Je relis de vieux carnets, d’anciens cahiers remplis de phrases pas toutes achevées, de paragraphes entiers parfois, des tentatives à glisser dans des projets en cours. Mes cahiers se sont empilés au fil des ans sans que jamais je ne les relise. Relit-on ses brouillons ? Reprend-on des phrases tirées de ses lectures oubliées ? Cherche-t-on à utiliser des notes anciennes quand le temps a passé ? S’acharne-t-on à faire renaître des bribes de rêves enfouis, à reprendre des tentatives abandonnées ou des extraits de livres qu’on ne sait pas avoir lus, un jour ?
Me plongeant ainsi dans des époques passées de ma vie, je vais à la rencontre d’une personne que je ne reconnais pas, dont je ne sais pas si je l’ai connue un jour. Je ne suis pas centaine d’avoir gardé le souvenir de cette inconnue.

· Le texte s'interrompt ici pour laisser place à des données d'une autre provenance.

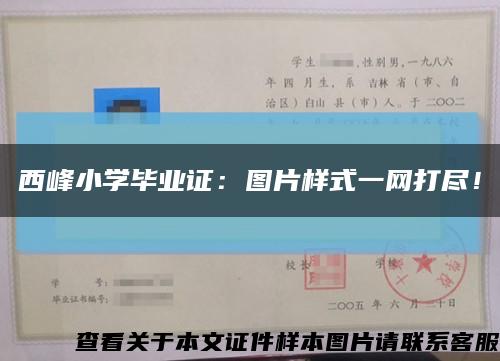 西峰小学毕业证：图片样式一网打尽！缩略图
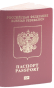 Значок паспорта
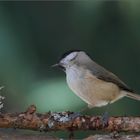 Mésange boréale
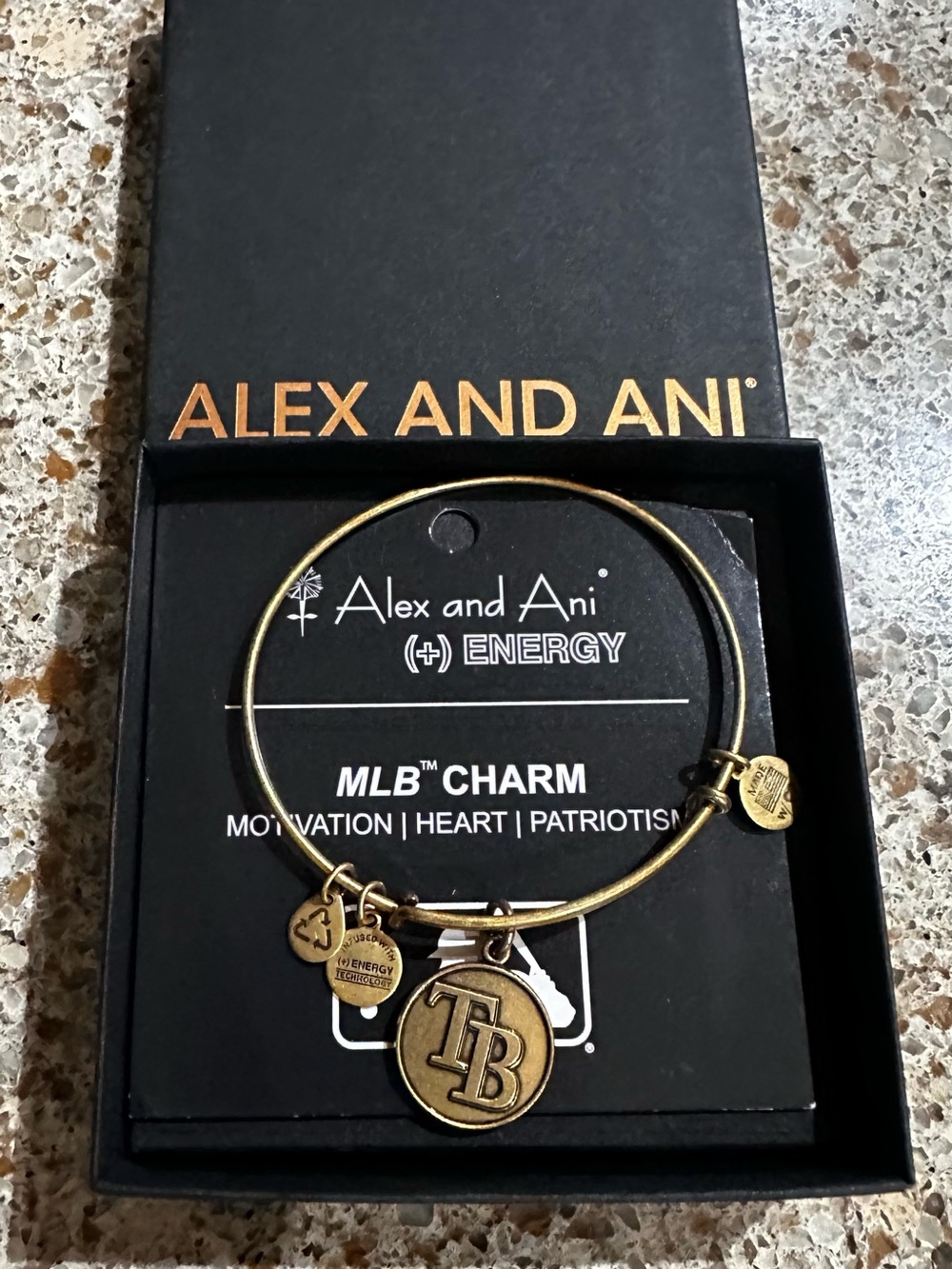 Alex and Ani Gold Tampa Bay MLB Charm Bangle Bracelet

Mais je suis bien obligée de penser qu’elle a été moi un jour puisque je possède toutes ces preuves écrites, ces fragments accumulés, attestant d’une activité quotidienne de lecture et d’écriture, peut-être la genèse d’un projet à venir demeuré dans les limbes, coincé entre toutes ces pages oubliées.
Une part de moi-même reste en sommeil dans un lieu où je n’avais plus accès, une chambre dont j’avais perdu la clé et je m’autorise à croire qu’à de rares moments je pourrais à nouveau éveiller quelques désirs passés.